Converting between DOCX and HTML considered harmful

So, you are building a web-based application, and the requirements include that users can view or edit documents.

Let’s assume these are Word documents.  Treating the Word document as the canonical or “single source” or “one version of the truth” makes sense, because this is what users expect, and will complain about if what they see looks different to what they’d see in Word.

So how do you ensure that what they see looks the same as what they’d see in Word?  And if you can meet this requirement, how does editing work?

Its fair to say that the position has typically been: fidelity or editing, pick one.

If you start with tackling the editing problem, you might think, convert docx to HTML, edit with CKEditor or TinyMCE, then convert the output back to docx.  Job done!

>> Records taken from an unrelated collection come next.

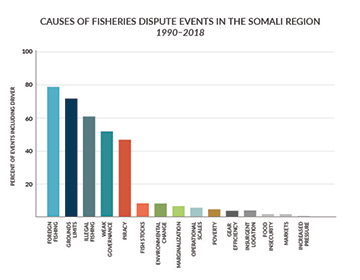 Drivers of fisheries conflict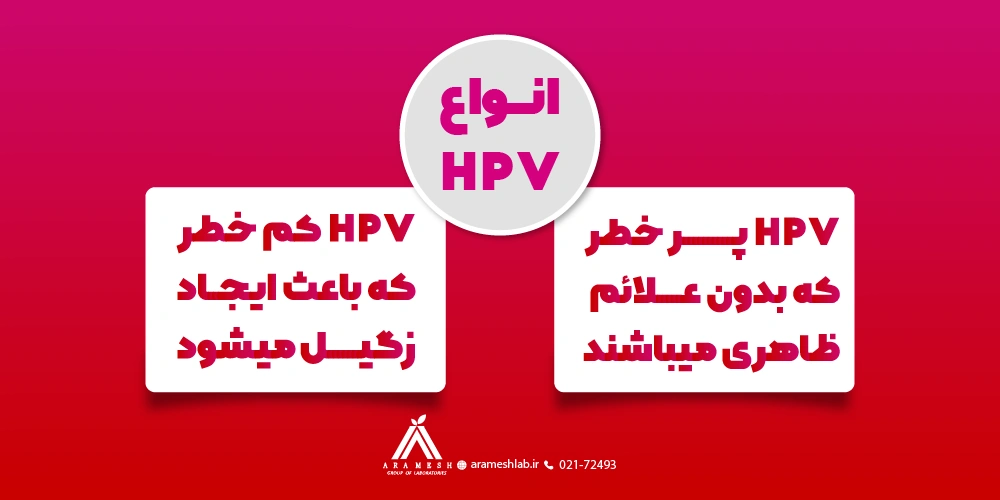 انواع HPV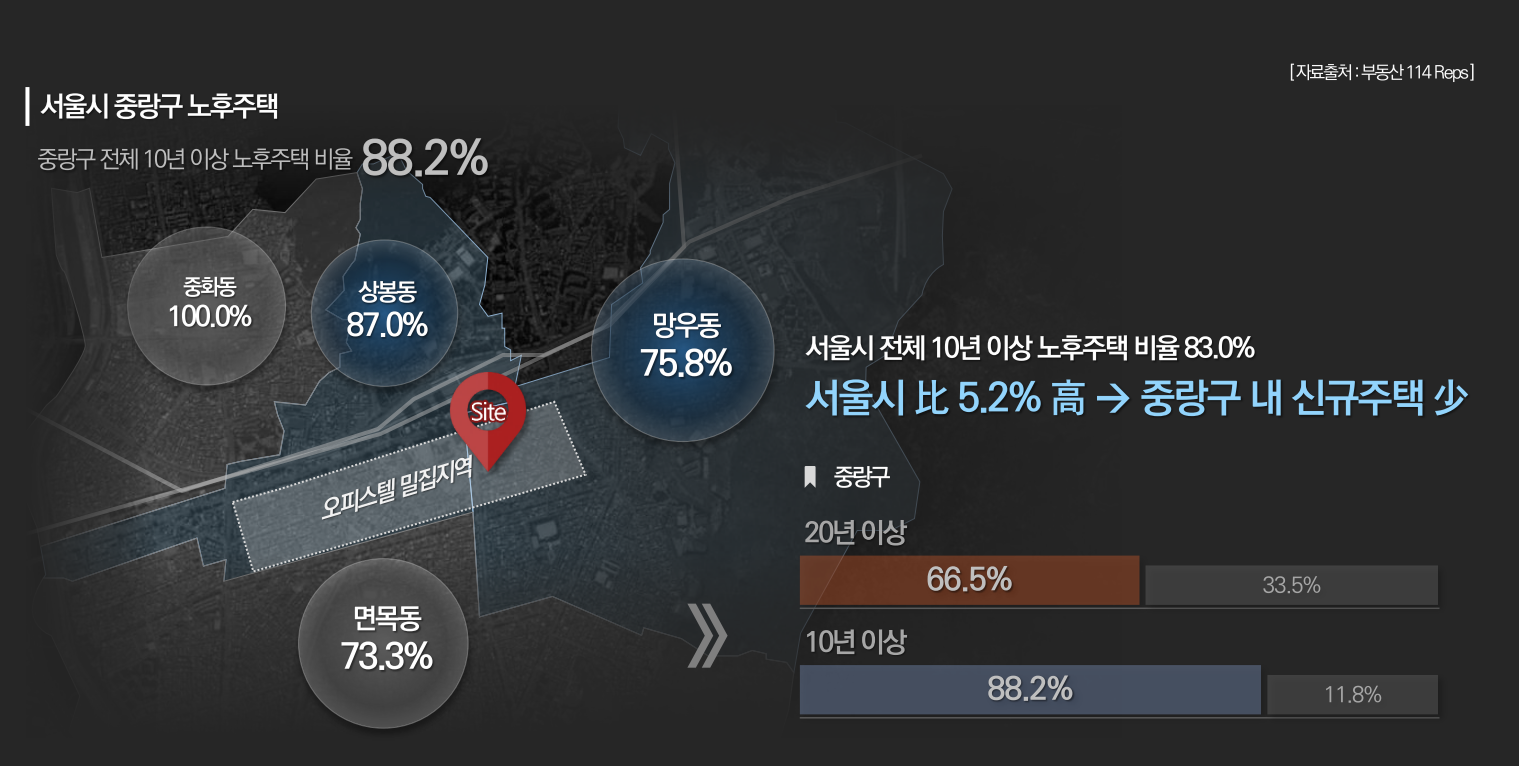 서울시 중랑구 노후주택 현황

The problem with that though is a never ending stream of annoying fidelity problems, especially around numbering.  Either it doesn’t look right in the web editor, or it looks OK there, but wrong back in Word.

A golden rule is to avoid conversion between document formats wherever possible!

Don’t get me wrong, CKEditor and TinyMCE are both great products, terrific for editing HTML across Chrome, Firefox, Safari and Microsoft’s.  This blog uses WordPress, so I’m actually writing this post in TinyMCE. Its just that they were never designed for editing Word documents, and so its no surprise that that use case doesn’t work so well.  Word and the web do not play nice together.

Or you might start with a PDF, knowing you can convert docx to PDF and retain the visual fidelity.  Then there’s Mozilla’s pdf.js  (or maybe Google’s PDFium)  for viewing it in the browser.

But you can’t edit it!  Well, some PDF tools enable you to do a little bit, but good luck inserting a new sentence or paragraph.

So HTML and PDF are dead ends.

What other options are there?  The following spring to mind:

  • rely on Word being installed
  • Word Online
  • Google Docs

But your best option is Native Documents, which allows you as a developer to work directly with the docx in a web browser, so you never need to worry about docx to HTML, or converting XHTML to docx. Our editor never converts to HTML: it uses Office Open XML natively, and renders using React.

To show why this is your best option for a “native” docx architecture, our next posts will explore the Word desktop and Word Online options.

Google Docs we’ll put to one side.  Its not designed to be integrated into a webapp, it involves sending potentially sensitive information to Google, and it still has a bunch of issues with Word documents which will never be solved (10 years+ so far…).